As you can see using a loop in global scope is inefficient. It leads to many allocations and slow execution.

Using a sum3 function leads to fastest execution. You might ask why using sum(x -> x^3, 1:10^6) in global scope is slower. The reason is that an anonymous function x -> x^3 is defined anew each time this operation is called which forces compilation of the sum function (but it is still faster than the loop in global scope).
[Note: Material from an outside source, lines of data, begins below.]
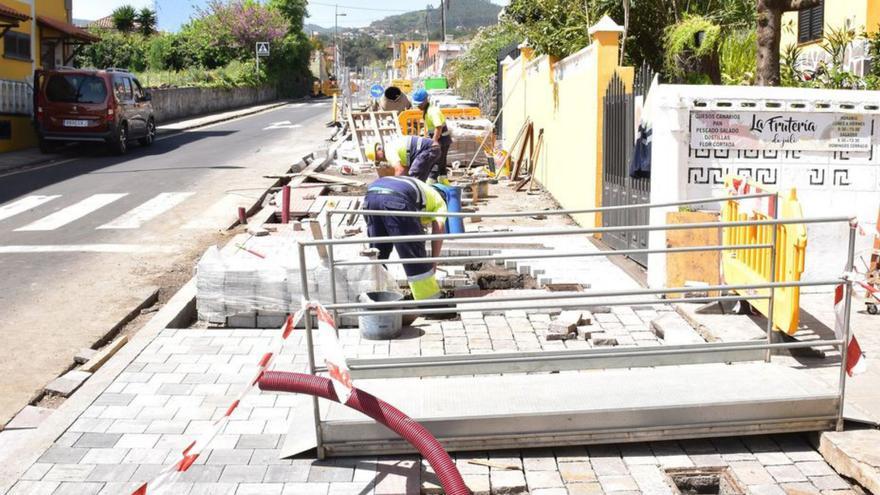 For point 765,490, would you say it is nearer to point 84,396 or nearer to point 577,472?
point 577,472

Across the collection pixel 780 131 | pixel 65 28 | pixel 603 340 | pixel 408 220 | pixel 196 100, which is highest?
pixel 65 28

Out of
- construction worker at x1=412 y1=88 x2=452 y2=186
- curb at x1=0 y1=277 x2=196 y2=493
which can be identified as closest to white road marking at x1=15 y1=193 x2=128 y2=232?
curb at x1=0 y1=277 x2=196 y2=493

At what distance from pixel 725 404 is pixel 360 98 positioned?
43.7 m

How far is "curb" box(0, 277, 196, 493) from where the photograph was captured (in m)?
5.10

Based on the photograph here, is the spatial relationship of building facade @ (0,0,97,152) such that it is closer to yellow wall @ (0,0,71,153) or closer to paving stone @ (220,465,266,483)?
yellow wall @ (0,0,71,153)

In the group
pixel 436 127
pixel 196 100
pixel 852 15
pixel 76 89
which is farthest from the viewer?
pixel 196 100

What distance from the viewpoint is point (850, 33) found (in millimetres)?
12195

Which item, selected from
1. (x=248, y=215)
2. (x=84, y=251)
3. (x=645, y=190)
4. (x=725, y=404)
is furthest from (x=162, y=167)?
(x=725, y=404)

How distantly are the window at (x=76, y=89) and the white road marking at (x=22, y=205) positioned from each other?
23.6ft

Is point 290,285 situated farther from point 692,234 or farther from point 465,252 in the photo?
point 692,234

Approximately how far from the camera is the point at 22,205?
1488cm

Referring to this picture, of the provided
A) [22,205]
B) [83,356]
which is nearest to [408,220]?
[83,356]

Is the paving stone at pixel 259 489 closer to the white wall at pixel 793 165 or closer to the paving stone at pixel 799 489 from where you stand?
the paving stone at pixel 799 489

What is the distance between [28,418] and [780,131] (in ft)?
21.9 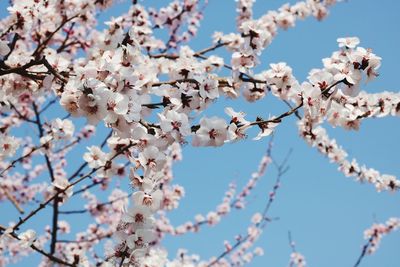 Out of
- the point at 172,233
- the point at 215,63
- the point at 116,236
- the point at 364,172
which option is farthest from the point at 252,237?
the point at 116,236

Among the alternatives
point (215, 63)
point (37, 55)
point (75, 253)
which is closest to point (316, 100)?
point (215, 63)

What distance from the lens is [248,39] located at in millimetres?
3826

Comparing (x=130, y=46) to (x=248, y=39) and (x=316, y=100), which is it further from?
(x=248, y=39)

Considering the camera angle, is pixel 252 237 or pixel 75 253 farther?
pixel 252 237

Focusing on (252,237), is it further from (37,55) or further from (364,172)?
(37,55)

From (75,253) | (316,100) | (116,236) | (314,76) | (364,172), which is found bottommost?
(116,236)

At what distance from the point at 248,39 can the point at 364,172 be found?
121 inches

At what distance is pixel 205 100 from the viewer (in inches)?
101

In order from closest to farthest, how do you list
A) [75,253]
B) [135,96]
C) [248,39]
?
[135,96] < [75,253] < [248,39]

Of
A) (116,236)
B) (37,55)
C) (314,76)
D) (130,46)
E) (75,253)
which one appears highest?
(37,55)

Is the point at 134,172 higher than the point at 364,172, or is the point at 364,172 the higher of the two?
the point at 364,172

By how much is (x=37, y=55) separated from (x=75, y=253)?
235 centimetres

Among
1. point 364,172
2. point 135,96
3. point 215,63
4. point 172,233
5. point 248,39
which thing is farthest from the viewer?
point 172,233

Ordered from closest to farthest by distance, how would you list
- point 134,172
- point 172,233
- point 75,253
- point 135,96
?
point 135,96
point 134,172
point 75,253
point 172,233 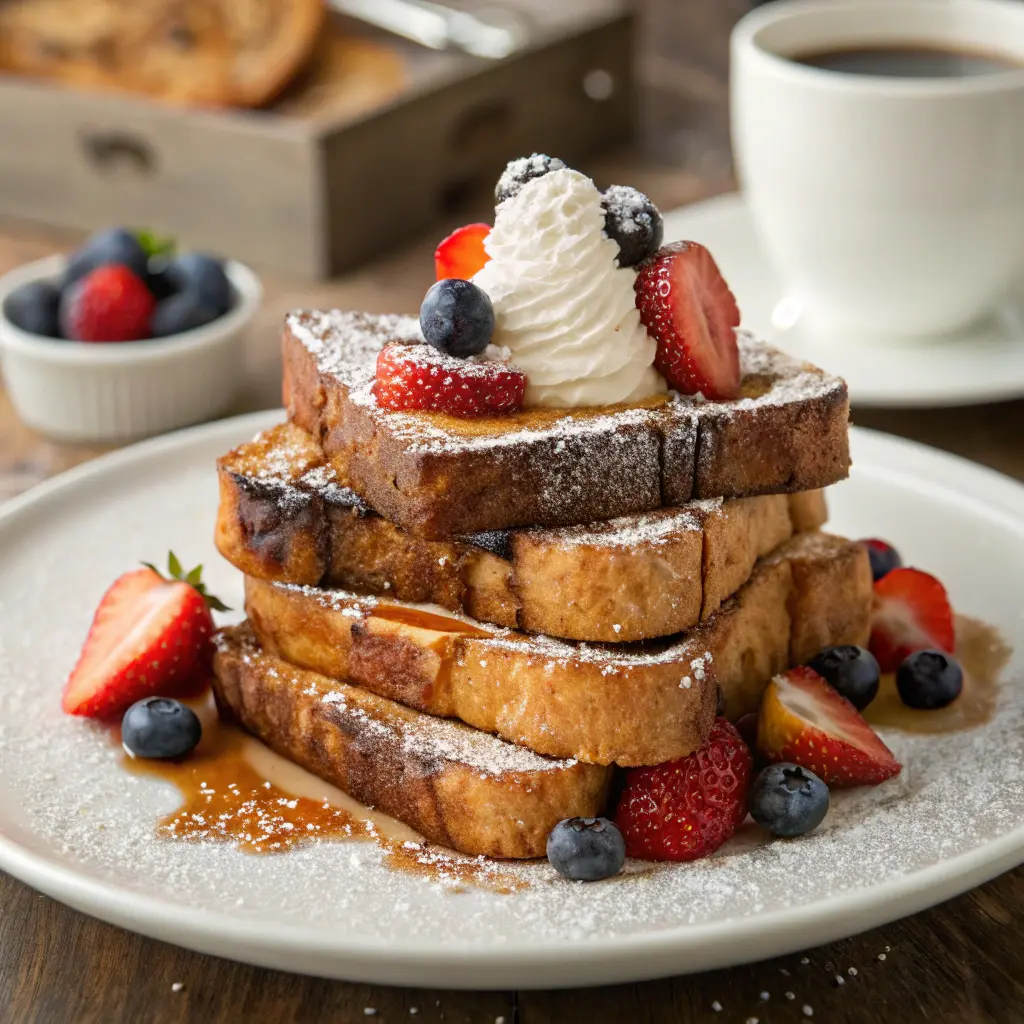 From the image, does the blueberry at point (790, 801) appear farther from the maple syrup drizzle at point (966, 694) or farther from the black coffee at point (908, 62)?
the black coffee at point (908, 62)

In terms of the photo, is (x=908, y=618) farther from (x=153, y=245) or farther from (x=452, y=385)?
(x=153, y=245)

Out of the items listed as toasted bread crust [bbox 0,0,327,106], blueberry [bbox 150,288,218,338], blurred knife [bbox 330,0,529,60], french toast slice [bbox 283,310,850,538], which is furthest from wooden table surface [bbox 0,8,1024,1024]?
blurred knife [bbox 330,0,529,60]

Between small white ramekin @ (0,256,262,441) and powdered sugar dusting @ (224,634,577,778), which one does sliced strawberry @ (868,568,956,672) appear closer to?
powdered sugar dusting @ (224,634,577,778)

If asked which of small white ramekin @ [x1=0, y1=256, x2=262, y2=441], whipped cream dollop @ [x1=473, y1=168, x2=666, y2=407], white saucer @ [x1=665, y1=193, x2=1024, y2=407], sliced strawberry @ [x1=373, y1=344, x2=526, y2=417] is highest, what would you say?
whipped cream dollop @ [x1=473, y1=168, x2=666, y2=407]

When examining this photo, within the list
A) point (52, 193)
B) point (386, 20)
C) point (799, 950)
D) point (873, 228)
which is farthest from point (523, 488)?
point (386, 20)

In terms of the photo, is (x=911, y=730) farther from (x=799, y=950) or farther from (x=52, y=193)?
(x=52, y=193)

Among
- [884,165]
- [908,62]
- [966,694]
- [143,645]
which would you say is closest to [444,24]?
Result: [908,62]

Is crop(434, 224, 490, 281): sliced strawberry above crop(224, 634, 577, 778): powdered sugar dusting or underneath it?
above

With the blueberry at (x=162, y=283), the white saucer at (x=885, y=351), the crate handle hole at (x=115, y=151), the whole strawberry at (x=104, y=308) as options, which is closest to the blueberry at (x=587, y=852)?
the white saucer at (x=885, y=351) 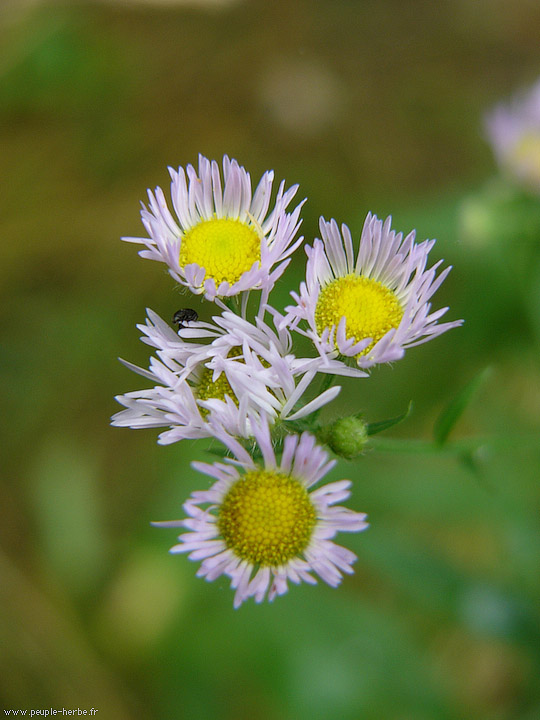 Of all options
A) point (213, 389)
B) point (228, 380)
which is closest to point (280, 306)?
point (213, 389)

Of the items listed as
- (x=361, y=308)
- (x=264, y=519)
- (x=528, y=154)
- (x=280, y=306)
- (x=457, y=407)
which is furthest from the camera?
(x=528, y=154)

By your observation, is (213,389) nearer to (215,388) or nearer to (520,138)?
(215,388)

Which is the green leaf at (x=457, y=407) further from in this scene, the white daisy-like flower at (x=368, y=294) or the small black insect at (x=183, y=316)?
the small black insect at (x=183, y=316)

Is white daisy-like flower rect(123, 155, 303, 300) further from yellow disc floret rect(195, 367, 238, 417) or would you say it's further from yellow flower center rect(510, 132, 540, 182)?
yellow flower center rect(510, 132, 540, 182)

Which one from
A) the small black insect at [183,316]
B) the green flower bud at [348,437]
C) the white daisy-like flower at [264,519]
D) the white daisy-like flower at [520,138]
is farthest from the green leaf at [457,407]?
the white daisy-like flower at [520,138]

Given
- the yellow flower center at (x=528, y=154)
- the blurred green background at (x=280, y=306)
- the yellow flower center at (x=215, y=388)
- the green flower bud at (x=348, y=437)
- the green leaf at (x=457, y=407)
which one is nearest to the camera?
the green flower bud at (x=348, y=437)

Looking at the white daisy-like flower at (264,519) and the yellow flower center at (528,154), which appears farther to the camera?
the yellow flower center at (528,154)

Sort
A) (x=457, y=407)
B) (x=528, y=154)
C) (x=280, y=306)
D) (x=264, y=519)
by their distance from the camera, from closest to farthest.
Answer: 1. (x=264, y=519)
2. (x=457, y=407)
3. (x=280, y=306)
4. (x=528, y=154) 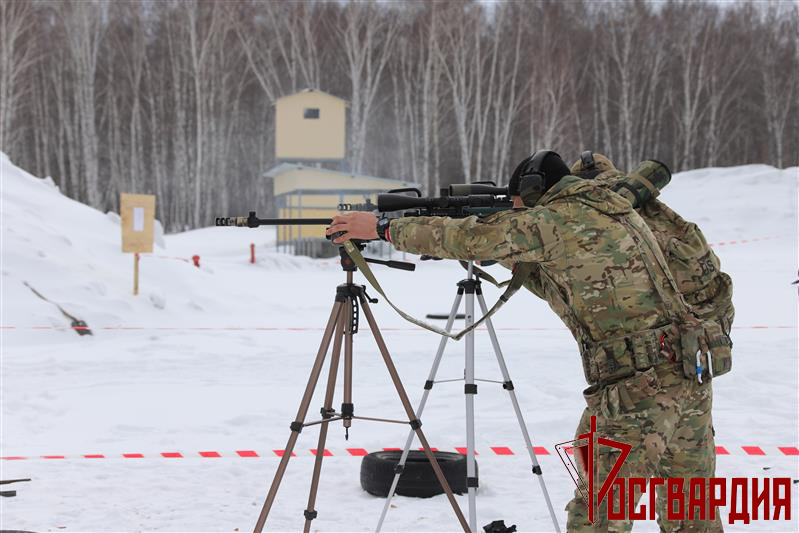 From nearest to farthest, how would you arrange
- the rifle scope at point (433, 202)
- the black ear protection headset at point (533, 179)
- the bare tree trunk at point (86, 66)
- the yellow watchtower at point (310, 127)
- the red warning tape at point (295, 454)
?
1. the black ear protection headset at point (533, 179)
2. the rifle scope at point (433, 202)
3. the red warning tape at point (295, 454)
4. the yellow watchtower at point (310, 127)
5. the bare tree trunk at point (86, 66)

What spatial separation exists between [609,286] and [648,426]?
0.47 metres

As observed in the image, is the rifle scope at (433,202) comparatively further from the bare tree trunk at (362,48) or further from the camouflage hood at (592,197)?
the bare tree trunk at (362,48)

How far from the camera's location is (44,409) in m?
6.49

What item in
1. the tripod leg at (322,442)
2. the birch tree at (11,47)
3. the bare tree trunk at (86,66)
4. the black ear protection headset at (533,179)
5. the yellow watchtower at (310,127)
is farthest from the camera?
the bare tree trunk at (86,66)

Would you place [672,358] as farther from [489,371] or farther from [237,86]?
[237,86]

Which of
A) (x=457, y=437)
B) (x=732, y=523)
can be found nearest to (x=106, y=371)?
(x=457, y=437)

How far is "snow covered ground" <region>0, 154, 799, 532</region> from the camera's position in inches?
174

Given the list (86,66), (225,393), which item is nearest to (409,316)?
(225,393)

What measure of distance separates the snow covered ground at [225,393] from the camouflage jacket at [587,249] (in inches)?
74.3

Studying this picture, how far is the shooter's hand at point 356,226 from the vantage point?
9.17 ft

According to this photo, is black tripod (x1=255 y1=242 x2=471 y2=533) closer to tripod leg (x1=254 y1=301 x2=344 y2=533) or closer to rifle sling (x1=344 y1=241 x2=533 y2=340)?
tripod leg (x1=254 y1=301 x2=344 y2=533)

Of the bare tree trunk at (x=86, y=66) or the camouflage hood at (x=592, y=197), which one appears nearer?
the camouflage hood at (x=592, y=197)

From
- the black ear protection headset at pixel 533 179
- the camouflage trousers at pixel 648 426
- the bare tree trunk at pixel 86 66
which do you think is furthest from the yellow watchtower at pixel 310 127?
the camouflage trousers at pixel 648 426

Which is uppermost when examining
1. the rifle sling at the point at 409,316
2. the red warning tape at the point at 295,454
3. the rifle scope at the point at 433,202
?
the rifle scope at the point at 433,202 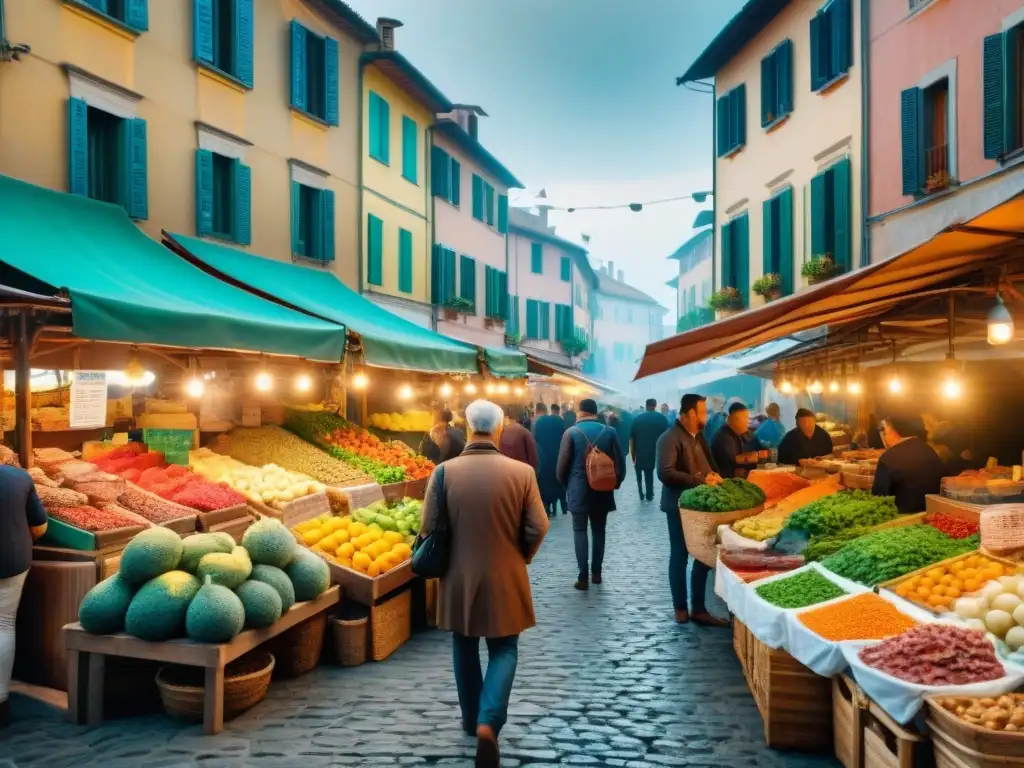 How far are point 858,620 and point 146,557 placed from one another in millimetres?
4407

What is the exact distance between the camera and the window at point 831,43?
1547 cm

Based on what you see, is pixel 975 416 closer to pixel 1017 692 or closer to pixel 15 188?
pixel 1017 692

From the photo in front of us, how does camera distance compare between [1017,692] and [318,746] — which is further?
[318,746]

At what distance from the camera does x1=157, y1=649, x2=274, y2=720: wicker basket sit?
17.2ft

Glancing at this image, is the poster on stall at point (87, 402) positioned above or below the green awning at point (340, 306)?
below

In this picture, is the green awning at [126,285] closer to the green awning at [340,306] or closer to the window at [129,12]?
the green awning at [340,306]

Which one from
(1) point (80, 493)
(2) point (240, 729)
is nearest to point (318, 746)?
(2) point (240, 729)

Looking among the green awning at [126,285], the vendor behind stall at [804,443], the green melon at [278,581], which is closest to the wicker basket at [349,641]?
the green melon at [278,581]

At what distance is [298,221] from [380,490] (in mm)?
6501

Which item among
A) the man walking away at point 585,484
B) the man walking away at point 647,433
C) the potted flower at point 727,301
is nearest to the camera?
the man walking away at point 585,484

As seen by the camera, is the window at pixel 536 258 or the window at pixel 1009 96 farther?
the window at pixel 536 258

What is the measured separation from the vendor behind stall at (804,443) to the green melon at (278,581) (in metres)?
8.59

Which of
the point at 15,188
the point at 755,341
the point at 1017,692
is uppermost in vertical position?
the point at 15,188

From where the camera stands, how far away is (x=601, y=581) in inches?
375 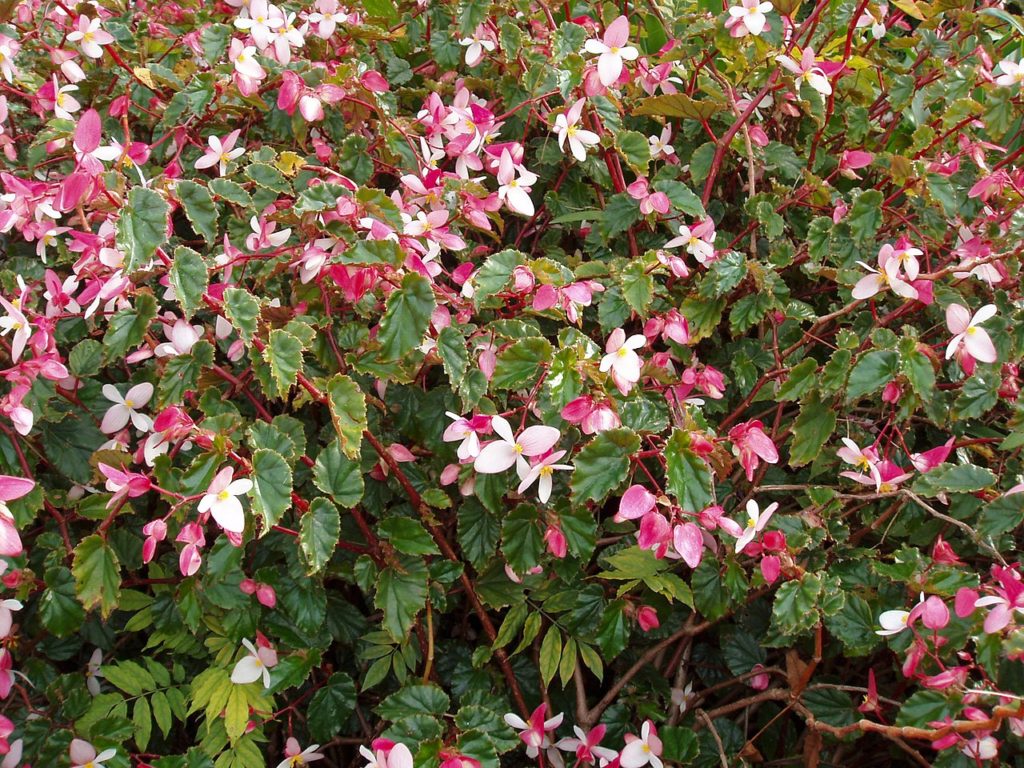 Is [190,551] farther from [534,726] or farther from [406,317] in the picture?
[534,726]

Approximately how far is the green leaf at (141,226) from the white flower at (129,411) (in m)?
0.30

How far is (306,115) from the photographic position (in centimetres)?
119

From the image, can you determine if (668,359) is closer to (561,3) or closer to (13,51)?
(561,3)

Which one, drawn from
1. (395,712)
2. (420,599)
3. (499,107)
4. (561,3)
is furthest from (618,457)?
(561,3)

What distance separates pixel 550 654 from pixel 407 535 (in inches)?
10.6

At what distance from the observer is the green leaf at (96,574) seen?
1.00 m

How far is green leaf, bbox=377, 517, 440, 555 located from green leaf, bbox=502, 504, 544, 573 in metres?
0.09

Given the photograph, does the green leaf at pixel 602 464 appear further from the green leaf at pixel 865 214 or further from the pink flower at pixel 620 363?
the green leaf at pixel 865 214

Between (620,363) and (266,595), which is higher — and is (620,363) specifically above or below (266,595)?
above

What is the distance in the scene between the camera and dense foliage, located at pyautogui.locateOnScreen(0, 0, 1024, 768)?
969 mm

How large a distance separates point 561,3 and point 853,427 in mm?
949

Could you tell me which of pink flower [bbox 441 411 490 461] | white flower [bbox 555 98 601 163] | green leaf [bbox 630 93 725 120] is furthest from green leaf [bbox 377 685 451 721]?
green leaf [bbox 630 93 725 120]

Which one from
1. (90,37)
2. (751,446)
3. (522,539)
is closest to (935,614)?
(751,446)

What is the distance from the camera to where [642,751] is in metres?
1.08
For a reference check the function with a loop inside it:

julia> function sum3loop(n)
           s = 0
           for i in 1:n
               s += i^3
           end
           return s
       end
sum3loop (generic function with 1 method)

julia> @time sum3loop(10^6)
  0.001378 seconds
-8222430735553051648

This is also much faster than a loop in global scope.

Exercise 10

Explain the value of the result of summation obtained in exercise 9.

Solution

In exercise 9 we note that the result is -8222430735553051648 which is a negative value, although we are adding cubes of positive values. The reason of the problem is that operations on integers overflow. If you are working with numbers larger that can be stored in Int type, which is:

julia> typemax(Int)
9223372036854775807

use big numbers that we discussed in Exercise 3:

julia> @time sum(x -> big(x)^3, 1:10^6)
  0.833234 seconds (11.05 M allocations: 236.113 MiB, 23.77% gc time, 2.63% compilation time)
250000500000250000000000

Now we get a correct result, at the cost of slower computation.